Looking into 2000sf of new production area

It’s official – we’re moving….about 50 feet.  After 3 years in the former accounting office of Zeff Photo, we will be expanding into 2,500 newly renovated space at 11 Brighton St.  Our new space is triple the size of our previous location at the same address.  Once Zeff Photo closed, the building was purchased by Jon Wardwell of JW Construction and they have begun renovating the building and giving it new life. We can’t say enough about how great they have been at working with DSI to expand our space and help us with our move.  Stay tuned for exciting news about the building and other new tenants.

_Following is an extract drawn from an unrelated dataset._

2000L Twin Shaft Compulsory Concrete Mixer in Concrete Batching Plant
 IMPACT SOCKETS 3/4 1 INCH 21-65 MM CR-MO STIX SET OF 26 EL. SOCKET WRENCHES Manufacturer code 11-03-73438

The new space will consolidate our production into one large area that will enhance our product offerings.  Our newly expanded finishing area will accommodate DiBond mounting, more matting & framing and our large format fine art color printing with our new Epson 9900 HDR inkjet printer.

Our true black & white silver gelatin printing services will be delayed a few days during our relocation.  Durst technicians will be here Mon – Weds (1/23 & 1/25/2012) to assist us moving the Durst Theta 51 and getting her all setup and recalibrated.  So, please be patient over the next few days as we expand into our new space.  We will be offering more services in the near future, including classes, workshops and more!

By the way, mark your calendars for Feb 25th – we’ll be having a Grand Reopening day filled with events with XRite, Pro Photo lighting and Nik Software.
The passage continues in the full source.